→ **PROBLEM TO SOLVE**: Only an exact copy belongs in the answer: the line with "Official Retired But" and every line after it through the end of the records, pictures left out.

Image-caption web data:
====

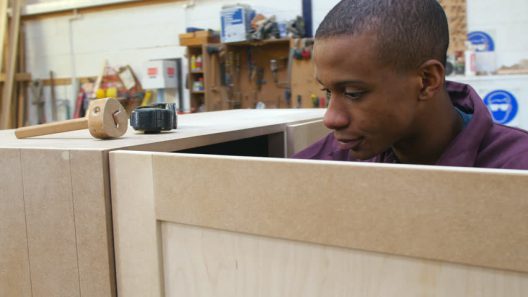 Student apprentice carpenter in a classroom woodshop setting. 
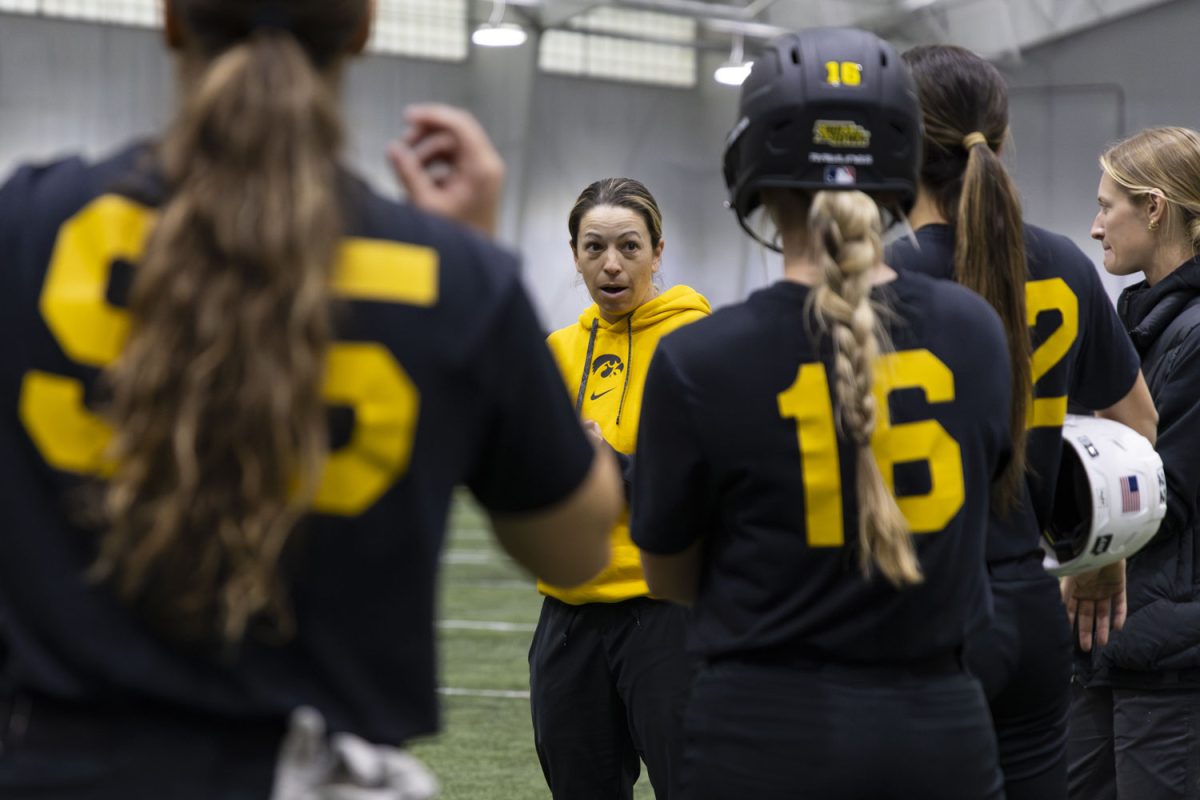 Iowa softball head coach Stacy May-Johnson speaks with the players during a practice in the Hawkeye Tennis &amp; Recreation Complex in Iowa City, Iowa on Friday, March 6, 2026. This is May-Johnson’s first year as head coach for the Hawkeyes. (Samantha DeFily/The Daily Iowan)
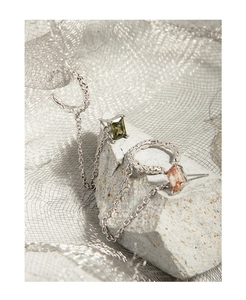 Detail of S925 silver earrings with rectangle gems and irregular hammered texture finish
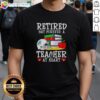 Official Retired But Forever A Teacher At Heart Miami Dolphins Football T-Shirt featuring team colors and logo.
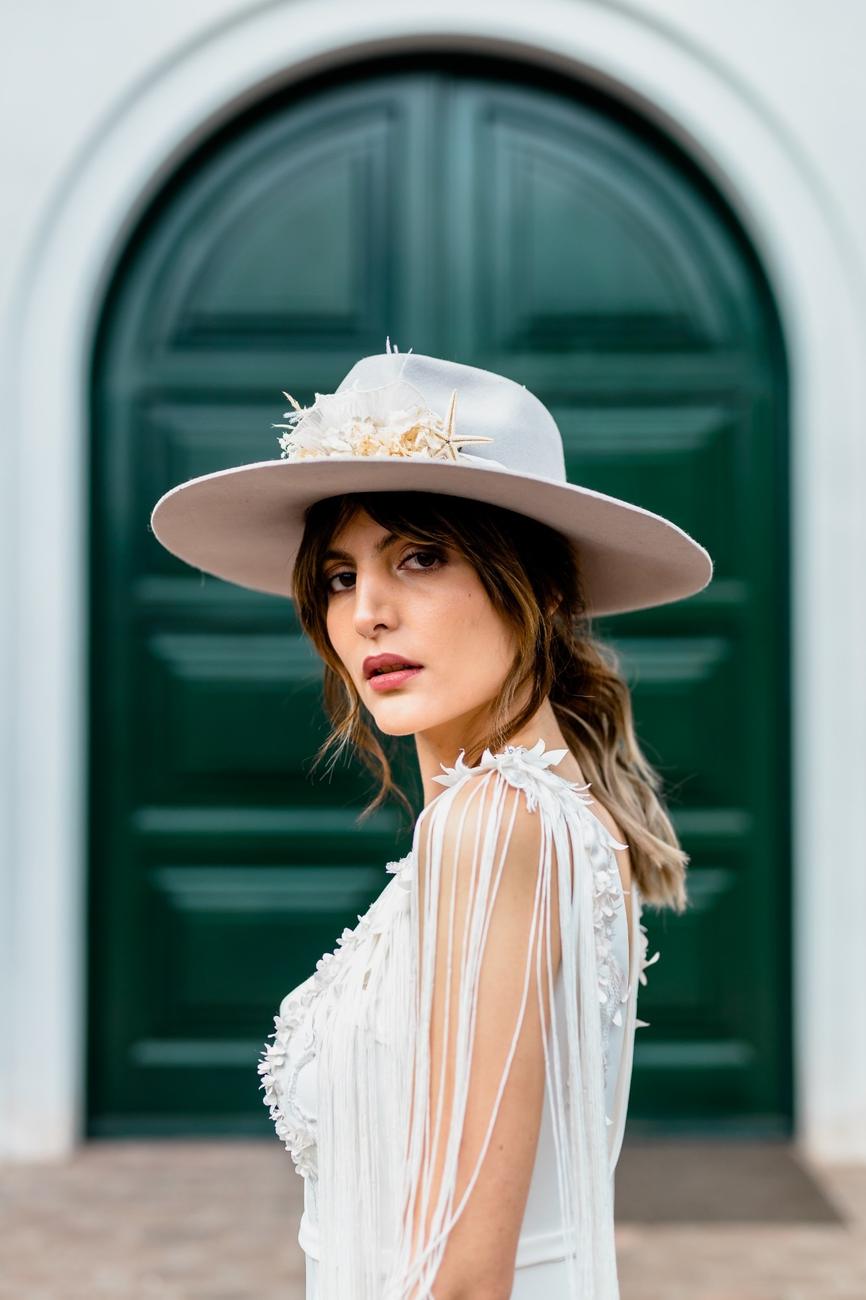Novia con sombrero frente a la puerta verde de arco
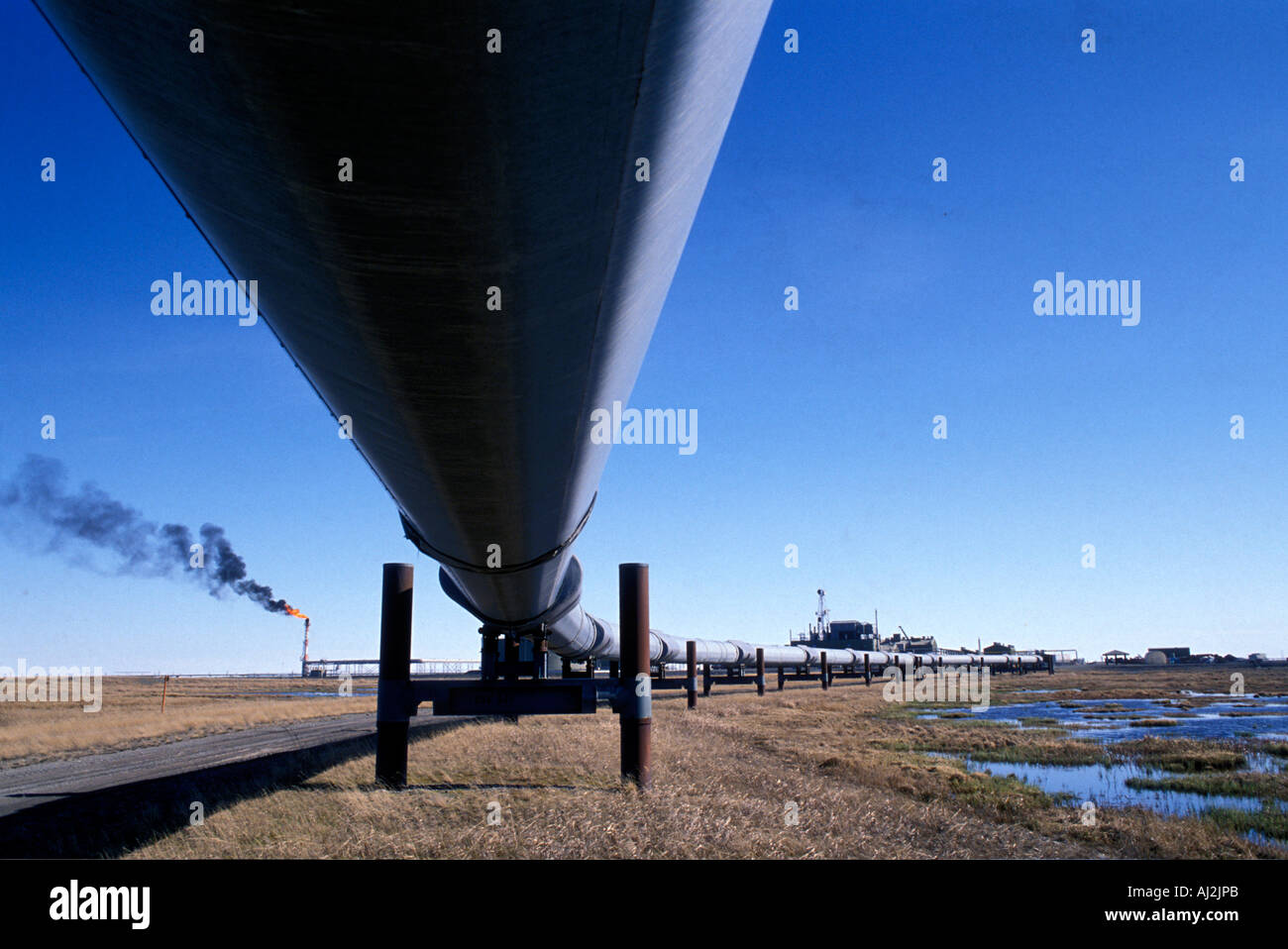 USA Alaska Prudhoe Bay Gas flare and black smoke billow arctic tundra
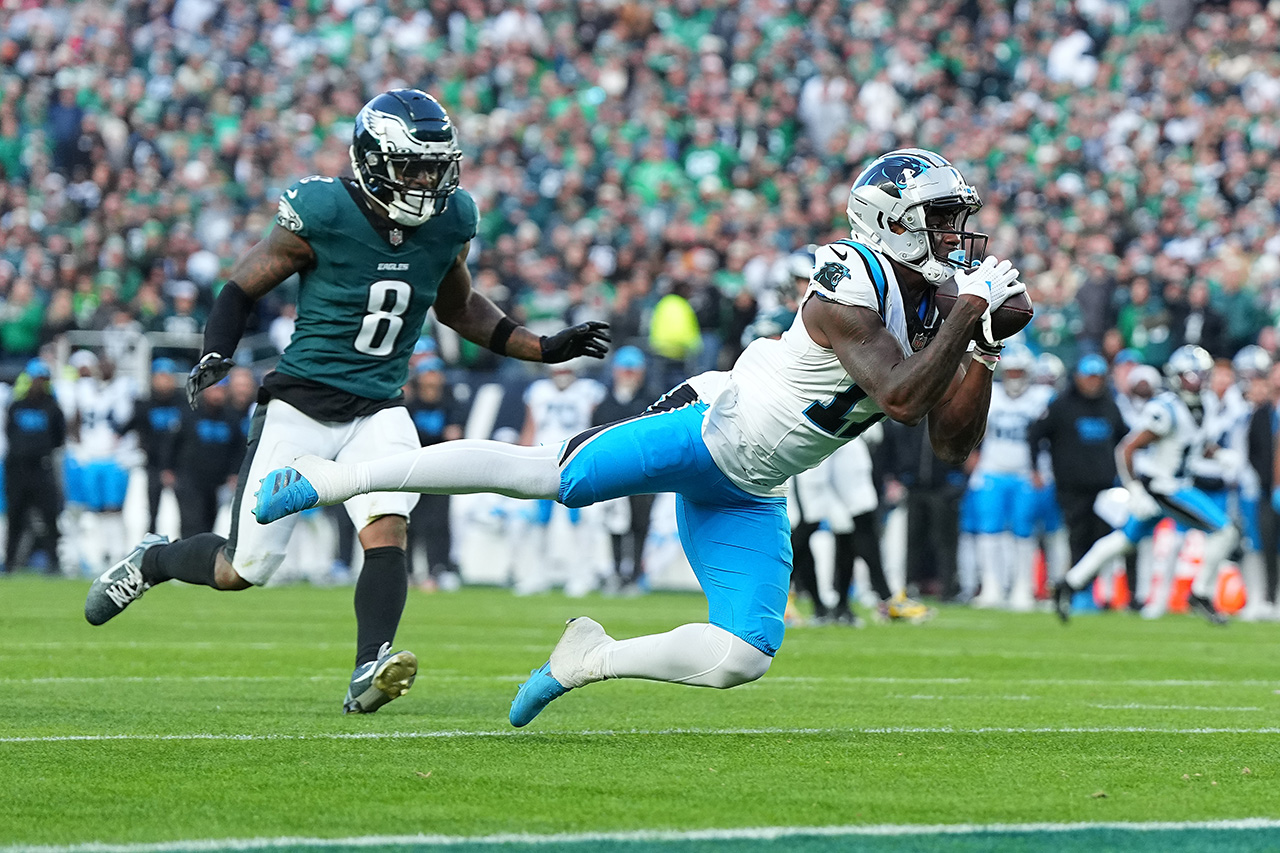 PHILADELPHIA, PENNSYLVANIA - DECEMBER 08: Xavier Legette #17 of the Carolina Panthers drops a pass while being guarded by C.J. Gardner-Johnson #8 of the Philadelphia Eagles in the fourth quarter of a game at Lincoln Financial Field on December 08, 2024 in Philadelphia, Pennsylvania.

====

→ **YOUR SOLUTION**:
 Official Retired But Forever A Teacher At Heart Miami Dolphins Football T-Shirt featuring team colors and logo.
Novia con sombrero frente a la puerta verde de arco
 USA Alaska Prudhoe Bay Gas flare and black smoke billow arctic tundra
 PHILADELPHIA, PENNSYLVANIA - DECEMBER 08: Xavier Legette #17 of the Carolina Panthers drops a pass while being guarded by C.J. Gardner-Johnson #8 of the Philadelphia Eagles in the fourth quarter of a game at Lincoln Financial Field on December 08, 2024 in Philadelphia, Pennsylvania.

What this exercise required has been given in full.